### Exercise data:
********************

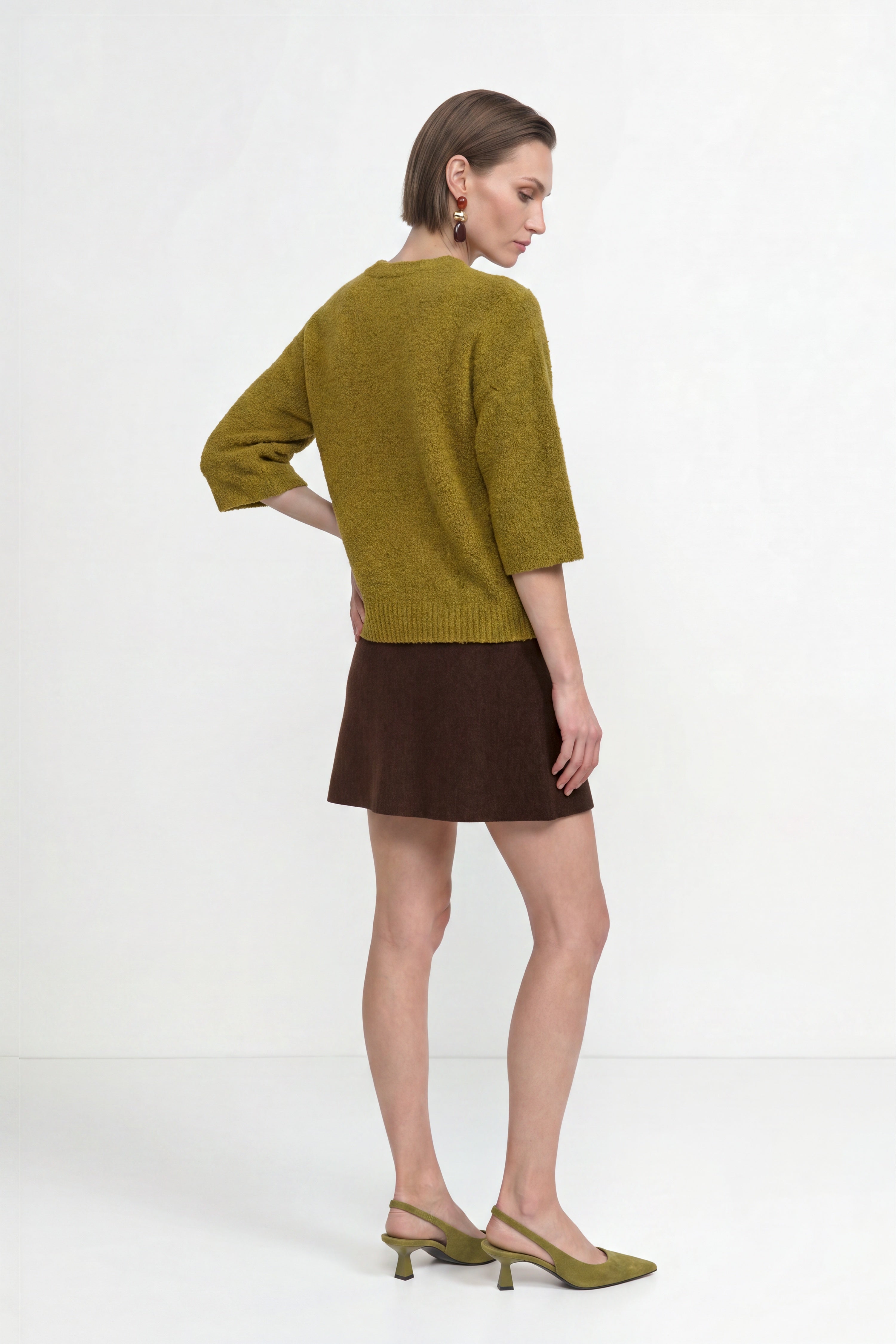Cropped Bouclé-Pullover mit Halbarm-Rich & Royal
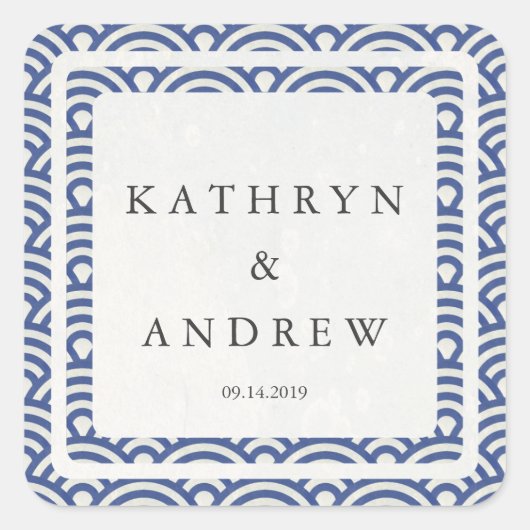 Japanse Seigaiha Waves Custom Names+Date Weddensch Vierkante Sticker (Voorkant)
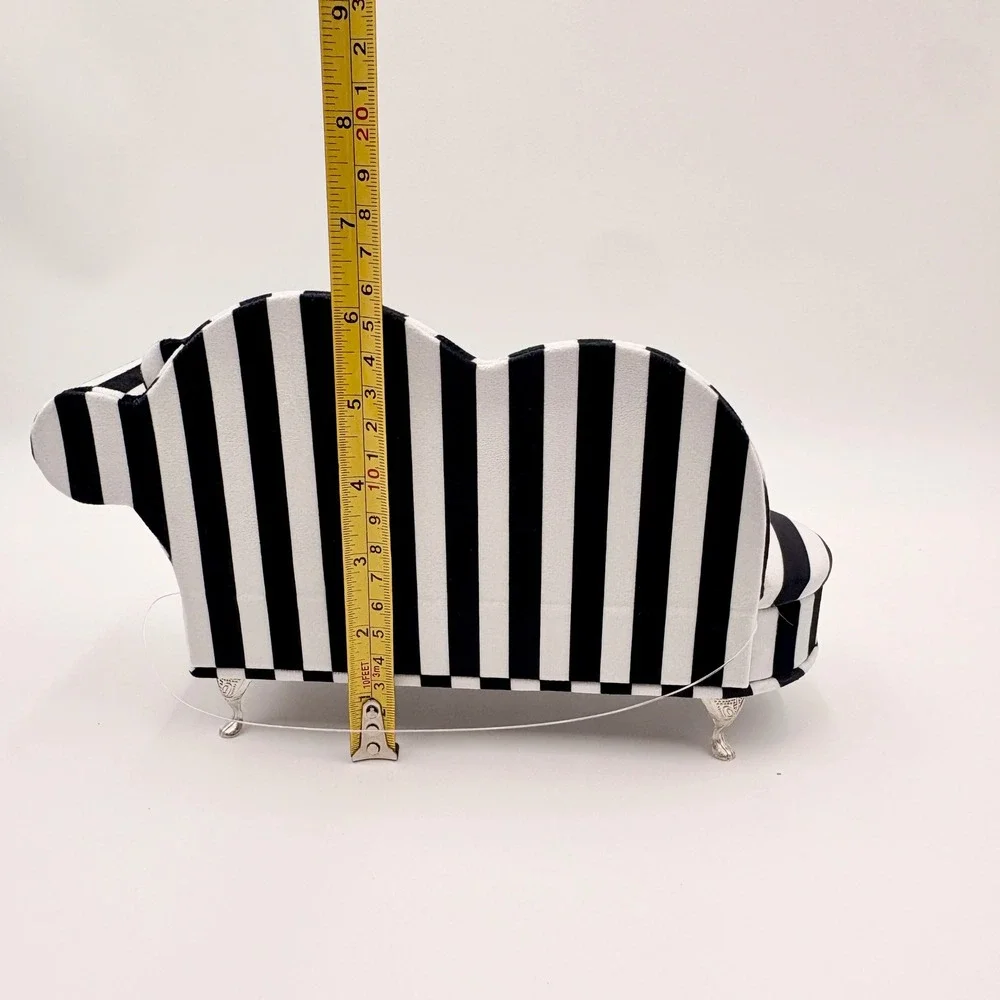 KOT Black White Striped Chaise Lounge Sofa Jewelry Box Mirror Ring Organizer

********************

### Work order:
Copy, without the pictures, exactly the lines from the line with "Japanse Seigaiha Waves" through the end of the material above, both ends included.

### Finished exercise:
 Japanse Seigaiha Waves Custom Names+Date Weddensch Vierkante Sticker (Voorkant)
 KOT Black White Striped Chaise Lounge Sofa Jewelry Box Mirror Ring Organizer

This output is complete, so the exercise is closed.